Осторожнее, дурак, подумал Питер, ты играешь с огнем. Нельзя так безрассудно вести себя с богом.
С богом, у которого нет денег, чтобы вести достойную жизнь. Только сейчас со всей болезненной внезапностью он понял, что за все эти годы с тех пор, как он уехал из Голландии, еще ни разу не ощущал так остро свою бедность. Питер жил в маленькой комнатке, ел нерегулярно и совсем не то, что хотел, носил видавшую виды одежду. Ни одна примитивная раса не относилась к своим идолам так плохо, как к нему.
Складывалась нелепая ситуация. Если бы эти миры знали о Питере, миры, чью судьбу он полностью контролировал, они бы сложили в его честь бесчисленные гимны, они бы отдали ему все свои лучше вещи и принесли бы в жертву своих сыновей и дочерей, чтобы завоевать его благосклонность. К несчастью, он только мог дать им почувствовать свое существование, но не дать знать о себе. И Питер не мог прислушаться к их мольбам. В лучшем случае, он был способен только прекратить катастрофы. И не существовало способа взять то, что ему могли бы предложить.
Лицо Питера наверняка выдало его неприятные, горькие мысли, потому что, когда на него налетел какой-то человек, он услышал обычную грубость и пробормотал в ответ: «Смотри, куда прешь!». Его гнев вспыхнул так, как никогда раньше в подобных ситуациях. Если бы он увидел этого человека на экране, то шевельнул бы пальцем, и человек бы умер.
Питер понял, что теперь его возмущает то, что не возмущало никогда раньше. Например, то, как заорал дорожный полицейский, когда он попытался перейти улицу, не дождавшись нужного сигнала светофора, дерзость мальчишки, промчавшегося перед ним на велосипеде, птичья глупость голубей, гулявших у него под ногами, а затем захлопавших в лицо крыльями, вдруг встрепенувшись и решив улететь. Если бы Питер мог, он уничтожил бы их всех.

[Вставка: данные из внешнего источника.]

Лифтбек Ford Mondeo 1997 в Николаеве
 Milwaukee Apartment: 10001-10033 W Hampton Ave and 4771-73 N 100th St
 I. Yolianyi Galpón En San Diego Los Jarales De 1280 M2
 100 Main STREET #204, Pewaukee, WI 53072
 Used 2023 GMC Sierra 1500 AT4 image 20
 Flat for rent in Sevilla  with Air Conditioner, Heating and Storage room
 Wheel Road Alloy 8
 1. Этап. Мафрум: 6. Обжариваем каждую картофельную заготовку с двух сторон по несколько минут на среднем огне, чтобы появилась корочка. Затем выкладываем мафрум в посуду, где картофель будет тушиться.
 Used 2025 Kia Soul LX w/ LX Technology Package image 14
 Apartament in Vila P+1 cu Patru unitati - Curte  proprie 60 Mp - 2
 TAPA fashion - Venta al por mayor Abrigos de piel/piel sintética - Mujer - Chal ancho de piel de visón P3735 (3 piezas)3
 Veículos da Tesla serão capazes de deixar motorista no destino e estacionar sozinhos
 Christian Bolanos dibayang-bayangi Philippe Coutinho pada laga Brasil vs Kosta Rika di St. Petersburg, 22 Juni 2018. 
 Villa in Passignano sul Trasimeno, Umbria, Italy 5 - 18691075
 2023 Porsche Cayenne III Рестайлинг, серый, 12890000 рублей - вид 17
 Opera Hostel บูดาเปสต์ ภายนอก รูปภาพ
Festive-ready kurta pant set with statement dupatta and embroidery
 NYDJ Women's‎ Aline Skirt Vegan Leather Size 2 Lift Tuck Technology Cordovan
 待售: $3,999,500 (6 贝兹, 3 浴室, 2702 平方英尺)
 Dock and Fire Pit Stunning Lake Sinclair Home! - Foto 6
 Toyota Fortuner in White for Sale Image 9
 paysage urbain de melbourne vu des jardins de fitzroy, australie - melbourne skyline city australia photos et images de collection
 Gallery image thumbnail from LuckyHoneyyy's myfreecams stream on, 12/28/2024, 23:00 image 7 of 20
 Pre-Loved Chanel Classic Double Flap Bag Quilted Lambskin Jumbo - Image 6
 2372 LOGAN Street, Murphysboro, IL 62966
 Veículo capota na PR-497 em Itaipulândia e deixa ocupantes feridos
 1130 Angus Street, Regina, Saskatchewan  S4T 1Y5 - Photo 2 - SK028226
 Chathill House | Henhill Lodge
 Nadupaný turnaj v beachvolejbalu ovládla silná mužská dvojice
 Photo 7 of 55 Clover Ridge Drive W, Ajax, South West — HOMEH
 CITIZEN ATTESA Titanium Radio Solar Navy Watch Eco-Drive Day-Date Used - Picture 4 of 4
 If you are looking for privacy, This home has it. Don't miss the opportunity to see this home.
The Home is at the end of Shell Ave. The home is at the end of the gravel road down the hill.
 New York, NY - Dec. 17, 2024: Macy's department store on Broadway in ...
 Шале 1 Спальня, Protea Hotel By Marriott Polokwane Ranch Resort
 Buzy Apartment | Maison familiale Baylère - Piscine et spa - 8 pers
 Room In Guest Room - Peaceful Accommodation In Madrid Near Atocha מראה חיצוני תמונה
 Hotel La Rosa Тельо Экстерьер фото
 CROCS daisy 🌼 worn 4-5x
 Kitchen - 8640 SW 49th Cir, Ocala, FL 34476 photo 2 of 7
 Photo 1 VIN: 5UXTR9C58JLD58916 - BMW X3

Но он мог достать только людей на той, другой планете. Впрочем, что его заставляет думать, будто жизни этих не похожих на людей существ были дороже жизней тех, кого он знал? Возможно, почти наверняка, они обладали такими же глупыми и неприятными чертами, которые помогли человечеству превратить родную планету в руины. Питер сам долгое время был жертвой глупости и эгоизма. Теперь он сможет сам отомстить за глупость и эгоизм без страха наказания.
Питер осознал, что идет назад в лабораторию, слегка разогревшись, но не в состоянии думать более ясно, чем прежде. Он будет ребенком, играющим с оловянными солдатиками. Поставит их, а потом сшибет, поставит и снова сшибет… Тут он осекся. Питер сможет сшибить их лишь раз. Поставить снова уже не получится.
Он вернулся в лабораторию и опять включил аппарат. На этот раз он поставил новое сопротивление и настроил экран на ровную, выщербленную поверхность, кипящую таким жаром, что ему показалось, будто экран тоже нагревается. Это была поверхность какой-то далекой звезды. Питер смотрел, как маленькие ямки растут и взрываются, как затем в другом месте образуются такие же, и процесс повторяется. Он понял, что наблюдает феномен, за возможность увидеть который любой астрофизик даст на отсечение правую руку. Поверхность представляла собой раскаленный газ, состоящий из ядер атомов и свободных электронов, ямки же являлись завихрениями этого газа. Питер толкнул рычажок, два вихря тут же взорвались. Никаким живым существам это навредить не могло, но показало, до каких границ простирались его возможности.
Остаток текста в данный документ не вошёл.